Ainsi, à tel endroit, c’est un marchand de journaux affectueusement surnommé « Le vieux monsieur ». Nous avions l’habitude – mère et fils – d’y acheter nos nombreux journaux et périodiques, d’y laisser un livre entrecoupé de notes pour faire des photocopies et j’y avais un crédit ouvert (dont j’ai bien abusé par moments, époque pré-internet oblige). Un peu plus loin, c’était Chazalon, une boulangerie proche de mon école primaire. Pendant longtemps, ce fut mon fournisseur officiel de chewing-gum et de madeleines. Juste au coin, adjacent, un bazar, tenu par un couple hors du temps. De façon naturelle, à force de passer et repasser, tous ces marchands étaient devenus des repères de mon quotidien, des endroits dont la présence évoquait une certitude d’impassibilité. Je savais qu’il étaient là, présents et leur ouverture me paraissait immuable, enfant ou adolescent.
Chaque retour de vacances était l’occasion de retrouver ces marques habituelles, de savoir que je revenais, que je retrouvais mon quartier, mes habitudes, mes routines. Ainsi, lorsque je suis rentré du Canada, mon premier réflexe d’impatrié fut de foncer m’acheter un quelconque magazine sportif, de croquer un morceau de baguette fraiche, de respirer à nouveau cet air, de humer cette atmosphère que j’espérais toujours la même.
Génération portes ouvertes
Ces quelques rues aux noms délicieusement gaulois sont également associées pour toujours à une liberté enfantine. Celle d’aller et venir, de débarquer chez les amis au gré d’un coup de téléphone passé depuis une cabine à carte. Sans préavis ni palabres, nous nous donnions rendez-vous et partions reconquérir nos territoires en friches. Il y avait ce bazar où la boite de claque-doigt coutait un franc, où les pétards s’achetait avec un sourire furtif et, surtout, cette place et ce square que nous avions fait notre. Que de bêtises nous fîmes ! Que de déjections canines subirent notre juste courroux ! Notre spécialité était de plonger un pétard en l’une d’elles et de nous enfuir en hurlant de rire. Précurseurs, nous nettoyions la ville à notre façon. Explosive !
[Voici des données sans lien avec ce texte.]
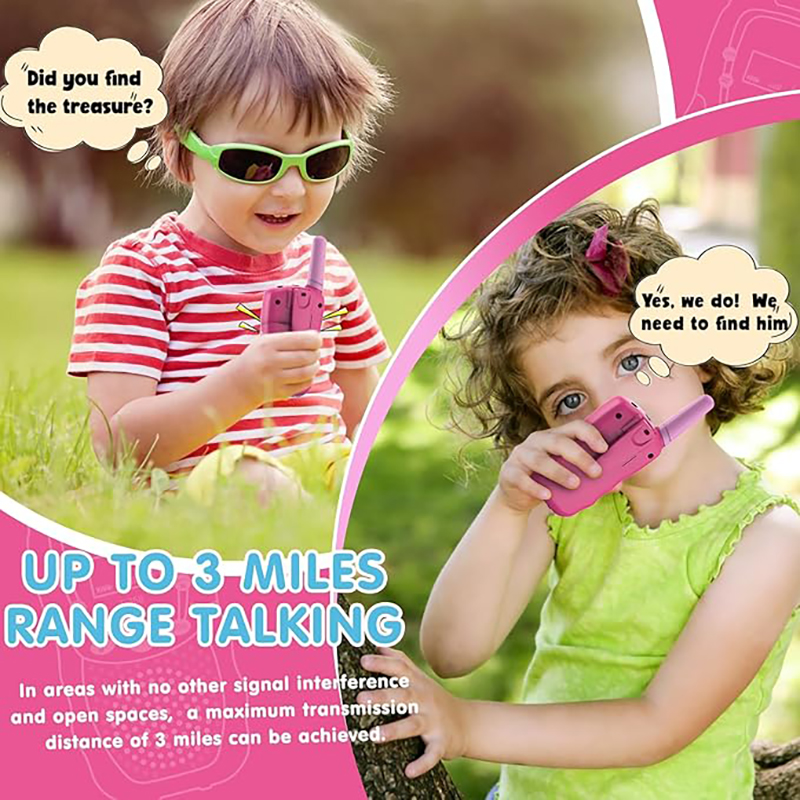 Zestaw 3 radiotelefonów dla dz – Kids Education Channel recenzja i cena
C’était également une époque où les grilles et les portes fermées n’étaient pas une norme. Par mille et un détours, nous transformions une simple balade en parcours du combattant. En passant sous telle arche et en empruntant telle porte, nous arrivions dans une cour intérieure aux multiples entrées. De ce moment, la Ville s’échappait pour laisser place à la jungle, la forêt, le désert. Les histoires durait l’espace d’une traversée, d’un saut, d’une suspension à du mobilier pas du tout désigné pour cela. Hurlant, criant, croquant la vie à pleine dents, dans l’insouciance la plus absolue, avec pour seul impératif, une heure de rentrée désignée à l’avance.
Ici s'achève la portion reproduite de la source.